Problem details:
The lines to repeat are those below from the one containing "used 2018 Chevrolet" down to the one containing "imageMizuno Short Sleeve", both included; reproduce them exactly and nothing else.

Supplied records:
--
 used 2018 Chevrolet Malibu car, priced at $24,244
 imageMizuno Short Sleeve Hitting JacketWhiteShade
--
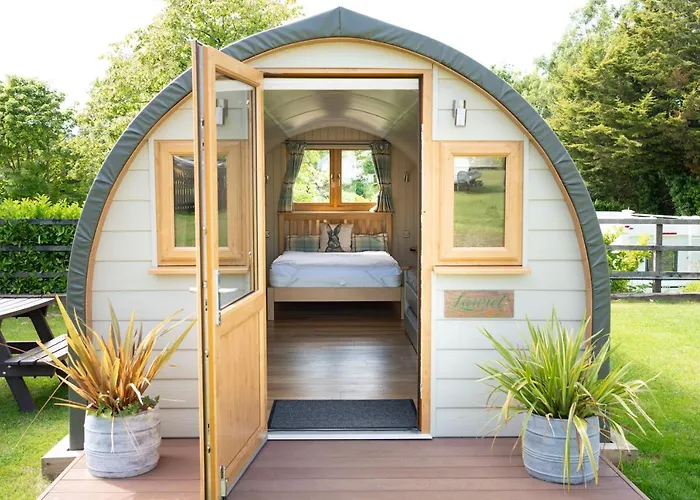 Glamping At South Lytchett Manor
--
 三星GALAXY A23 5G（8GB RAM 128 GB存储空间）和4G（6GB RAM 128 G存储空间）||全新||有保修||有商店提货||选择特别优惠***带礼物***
--
Result of this exercise:
 used 2018 Chevrolet Malibu car, priced at $24,244
 imageMizuno Short Sleeve Hitting JacketWhiteShade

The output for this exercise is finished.